ClinGen Dosage Sensitivity Curation Page

MYL2

  • Curation Status: Complete

Location Information

  • 12q24.11
  • GRCh37/hg19 chr12: 111,348,623-111,358,404
  • View: NCBI | Ensembl | UCSC
  • GRCh38/hg38 chr12: 110,910,819-110,920,600
  • View: NCBI | Ensembl | UCSC
Select assembly: (NC_000012.11) (NC_000012.12)

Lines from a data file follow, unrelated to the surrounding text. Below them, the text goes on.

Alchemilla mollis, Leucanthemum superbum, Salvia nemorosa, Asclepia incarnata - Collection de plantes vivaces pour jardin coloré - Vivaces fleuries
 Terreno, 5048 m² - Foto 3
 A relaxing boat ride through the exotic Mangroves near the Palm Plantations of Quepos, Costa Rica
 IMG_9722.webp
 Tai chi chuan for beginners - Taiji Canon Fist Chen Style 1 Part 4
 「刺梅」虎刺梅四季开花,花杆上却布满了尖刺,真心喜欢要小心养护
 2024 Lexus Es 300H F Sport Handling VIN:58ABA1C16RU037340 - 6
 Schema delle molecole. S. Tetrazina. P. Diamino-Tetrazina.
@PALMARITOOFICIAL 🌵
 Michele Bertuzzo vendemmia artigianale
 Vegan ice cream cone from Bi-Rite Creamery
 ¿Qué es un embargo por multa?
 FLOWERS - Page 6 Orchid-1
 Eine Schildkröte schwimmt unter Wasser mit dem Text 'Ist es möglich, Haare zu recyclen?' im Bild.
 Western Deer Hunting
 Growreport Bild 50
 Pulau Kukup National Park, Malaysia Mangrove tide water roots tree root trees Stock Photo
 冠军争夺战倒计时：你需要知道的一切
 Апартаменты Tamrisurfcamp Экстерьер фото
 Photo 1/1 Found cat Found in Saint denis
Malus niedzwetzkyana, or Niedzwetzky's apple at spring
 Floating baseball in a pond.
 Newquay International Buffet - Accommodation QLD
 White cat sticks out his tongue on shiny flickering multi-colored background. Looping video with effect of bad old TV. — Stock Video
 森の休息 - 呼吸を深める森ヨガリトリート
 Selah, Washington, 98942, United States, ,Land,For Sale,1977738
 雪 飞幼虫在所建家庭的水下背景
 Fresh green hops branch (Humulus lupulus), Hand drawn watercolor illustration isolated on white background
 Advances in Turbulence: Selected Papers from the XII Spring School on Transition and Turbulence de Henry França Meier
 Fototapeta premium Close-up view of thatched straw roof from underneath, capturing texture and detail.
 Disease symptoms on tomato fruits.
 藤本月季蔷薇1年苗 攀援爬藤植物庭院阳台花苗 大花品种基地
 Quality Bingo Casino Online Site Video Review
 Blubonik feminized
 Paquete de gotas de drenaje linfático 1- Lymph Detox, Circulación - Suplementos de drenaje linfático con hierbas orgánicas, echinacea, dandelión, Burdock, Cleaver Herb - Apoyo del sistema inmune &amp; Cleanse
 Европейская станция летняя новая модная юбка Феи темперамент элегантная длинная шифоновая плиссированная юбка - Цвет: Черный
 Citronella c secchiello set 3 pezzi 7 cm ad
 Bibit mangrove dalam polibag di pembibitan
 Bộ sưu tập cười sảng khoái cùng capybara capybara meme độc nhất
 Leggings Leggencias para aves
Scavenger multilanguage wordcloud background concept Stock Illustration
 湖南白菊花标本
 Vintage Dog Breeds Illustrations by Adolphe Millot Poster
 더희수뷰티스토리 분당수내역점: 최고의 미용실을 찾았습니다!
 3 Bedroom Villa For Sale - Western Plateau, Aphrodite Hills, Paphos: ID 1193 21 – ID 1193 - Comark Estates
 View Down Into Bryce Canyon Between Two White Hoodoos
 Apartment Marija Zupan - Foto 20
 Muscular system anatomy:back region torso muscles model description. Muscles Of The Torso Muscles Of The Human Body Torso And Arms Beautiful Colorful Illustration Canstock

Haploinsufficiency phenotype comments:

MYL2 is associated with cardiomyopathy by different pathogenic mechanisms with different modes of inheritance that can be recessive or dominant, depending on genotype. Homozygous or compound heterozygous loss-of -function variants have been reported to cause autosomal recessive form cardiomyopathy. Furthermore, the heterozygous carriers did not show evidence of the disorder (PMID: 24111713, 23365102). Other missense changes cause autosomal dominant hypertrophic cardiomyopathy presumably due to loss of the normal physiologic function, for instance, loss of the contraction power stoke or altered actin sliding velocities (PMID: 25825243; 25324513). One paper describes a founder missense pathogenic variant capable of causing HCM by itself or augmented by other factor such as arterial hypertension (PMID: 26497160). MYL2 variants, among others, identified as incidental findings in an exome cohort (PMID: 23861362). There are several heterozygous frameshifts, stop gains, and splice site disruptions listed in ExAc for MYL2 implying that haploinsufficiency is not a disease mechanism for this gene.

  • Triplosensitivity score: 0
  • Strength of Evidence (disclaimer): No evidence for dosage pathogenicity

Triplosensitivity phenotype comment:

No evidence at present for triplosensitivity of MYL2.